All that is required now is to just modify the Message super class:

class Message(object):
    def __init__(self, **kwargs):
        m_fields = filter(
            lambda f: not f.startswith('__') and
            isinstance(getattr(self, f), DataType), dir(self))

        self.fields = \
            sorted(m_fields, key=lambda fn: getattr(self, fn)._created)

        for f_name in self.fields:
            ...

One concern might be about thread safety. I don’t think it’s possible for Python interpreter to read the same class in two threads or processes, so this shouldn’t concern us. The last thing we might want to take care of is a possibility that we need to define a message within a message. Usually, messages of protocols have headers, so we might want to define our message with a header in mind that is itself message, like this:

class Message(m.Message):
    header = MessageHeader()
    id = m.Uvarlong()
    version = m.Byte(default=12)
    flags = m.Uvarint(default=0, since_version=11)
    operation = m.Byte(default=0x01)

We could modify our Message super class to take care of this case and initialize the header field for us, but I think it’s better to define a new data type. We will probably need some matadata anyway. To define a data type like this, we simply need a name (let’s say Composite) and a simple definition like this:

class Composite(DataType):
    pass

And that’s it. All that is needed now is to define the messages using this template and write the implementation of a basic API that will send and receive these objects. The whole module looks like this:

class CreatedCounter(object):
    _count = 0

    @staticmethod
    def count():
        count = CreatedCounter._count
        CreatedCounter._count += 1
        return count


class DataType(object):
    def __init__(self, **kwargs):
        self._created = CreatedCounter.count()
        for key, value in kwargs.iteritems():
            setattr(self, key, value)

    @property
    def type(self):
        return type(self).__name__.lower()


class Message(object):
    def __init__(self, **kwargs):
        m_fields = filter(
            lambda f: not f.startswith('__') and
            isinstance(getattr(self, f), DataType), dir(self))

        self.fields = \
            sorted(m_fields, key=lambda fn: getattr(self, fn)._created)

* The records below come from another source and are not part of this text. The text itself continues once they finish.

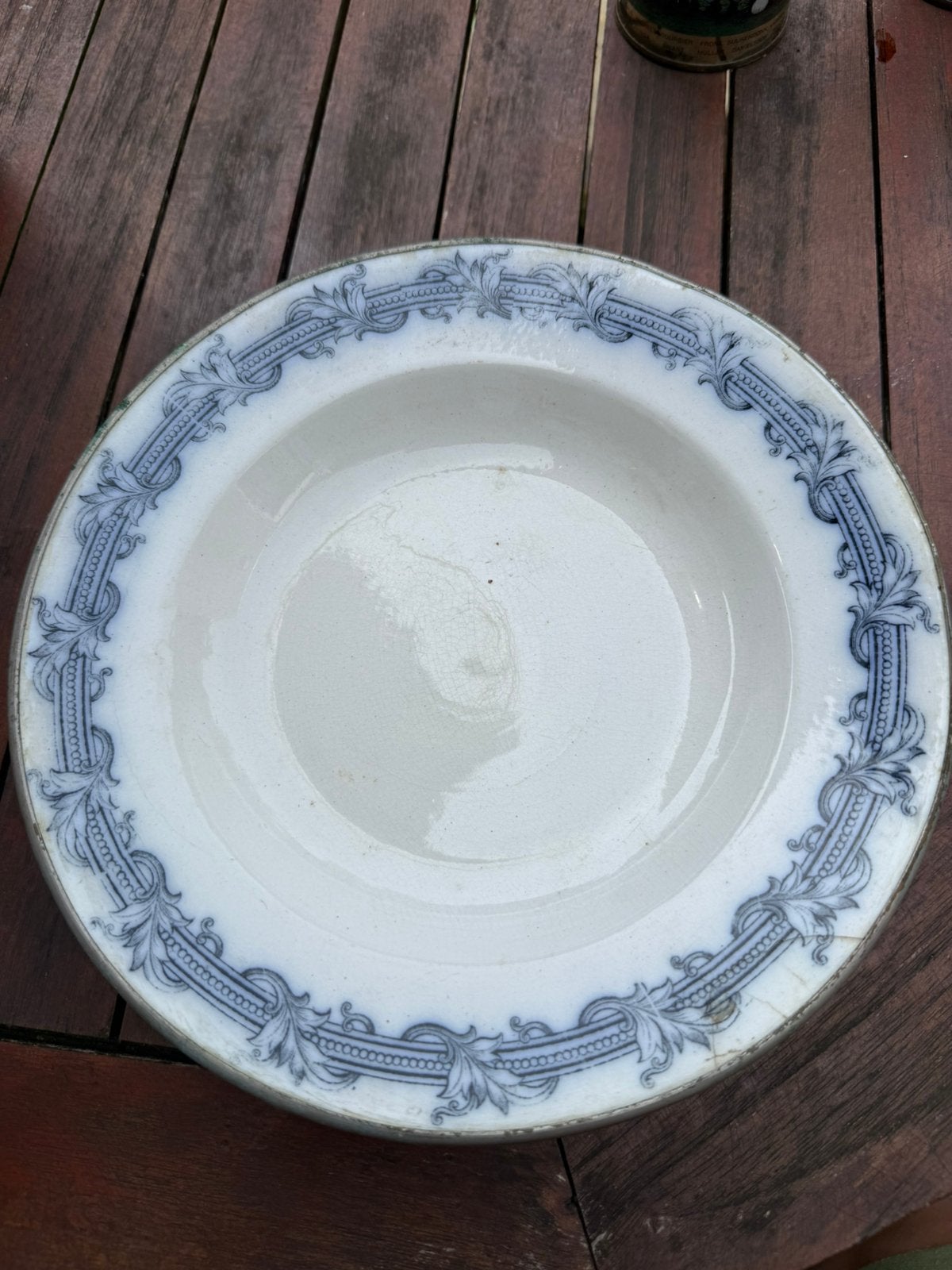 Antiek warmhoud bord Villeroy and Boch, Ophalen of Verzenden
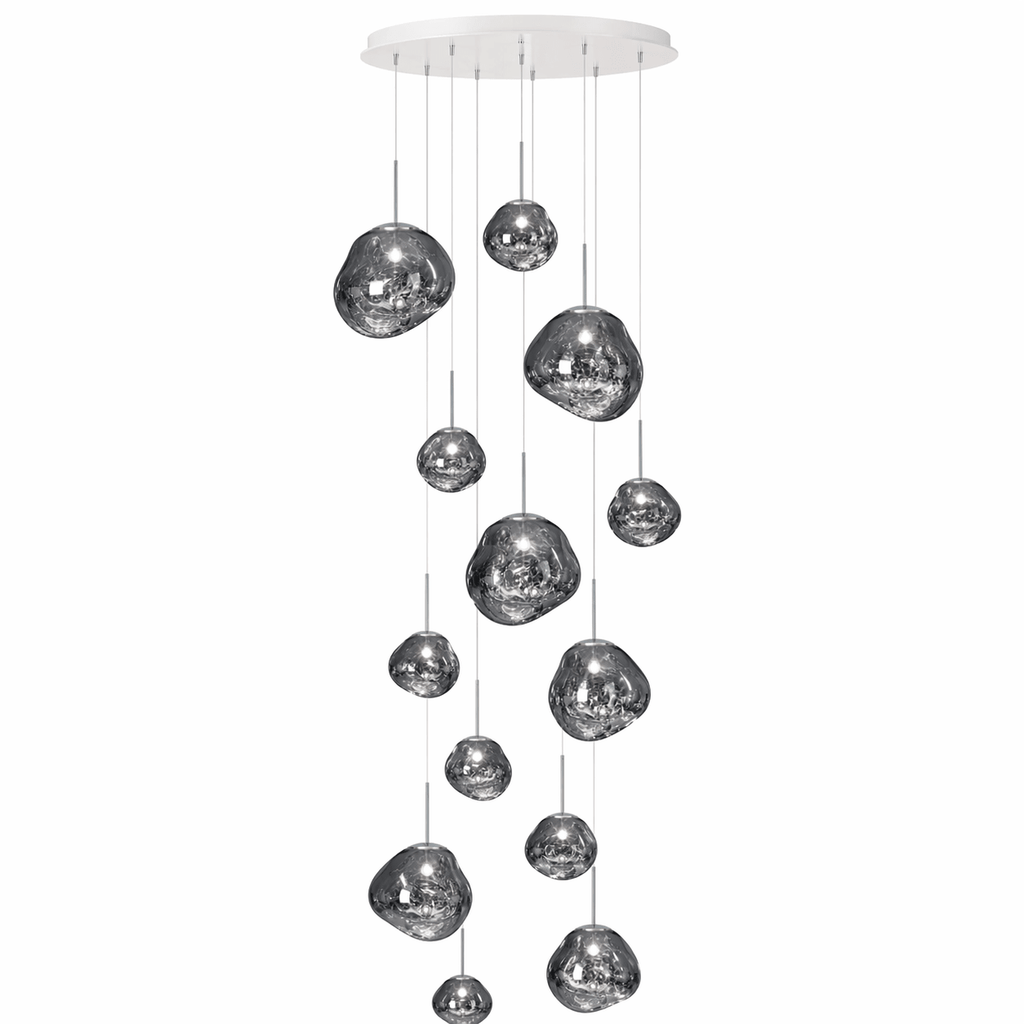 Lampada a sospensione Multi Lava Rotonda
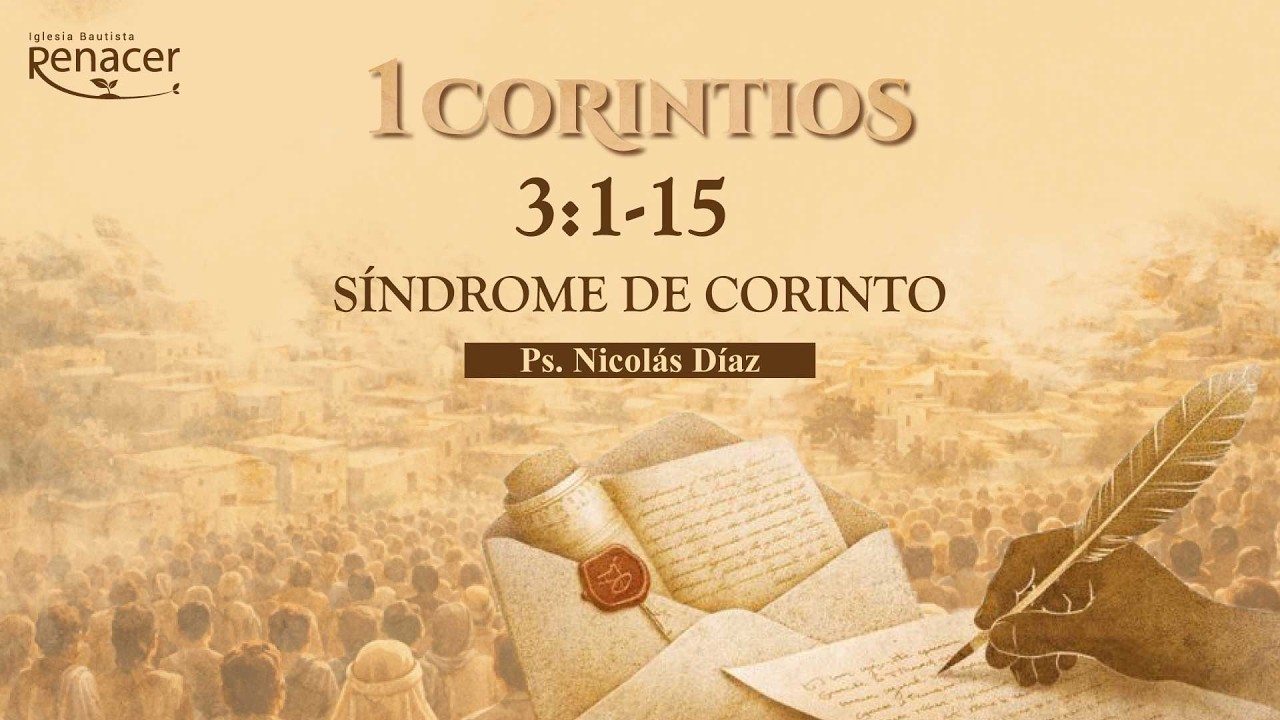 Síndrome de Corinto | 1 Corintios 3:1-15 | Ps. Nicolás Díaz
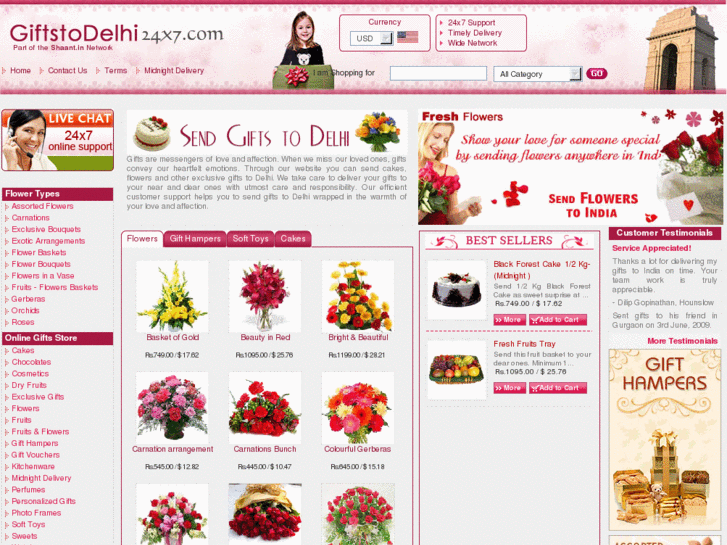 www.giftstodelhi24x7.com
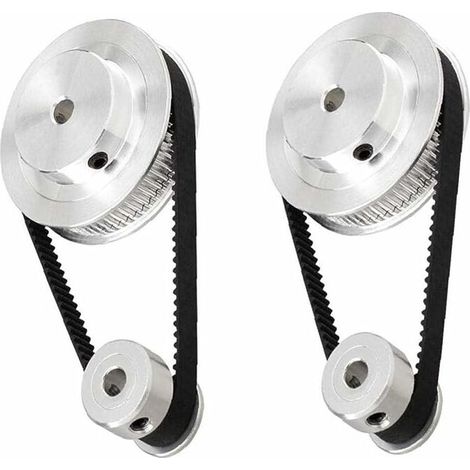 Roue synchrone 2gt, alésage 20-60 dents, poulie synchrone en aluminium (1/5)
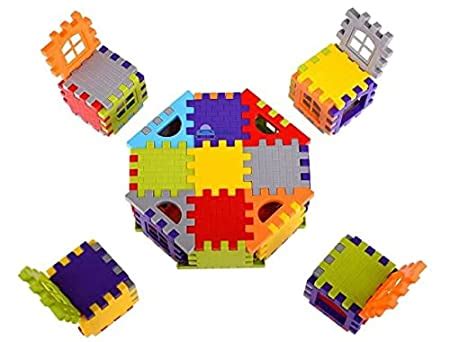 House Building Blocks Set 2 Toys for Kids / Attractive Windows and Smo ...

        for f_name in self.fields:
            f_cls = getattr(self.__class__, f_name)
            if f_name in kwargs:
                setattr(self, f_name, kwargs[f_name])
            elif hasattr(f_cls, 'default'):
                setattr(self, f_name, f_cls.default)
            else:
                setattr(self, f_name, None)

    @property
    def cls(self):
        return self.__class__


class Composite(DataType):
    pass


class Byte(DataType):
    pass


class Uvarint(DataType):
    pass


class Uvarlong(DataType):
    pass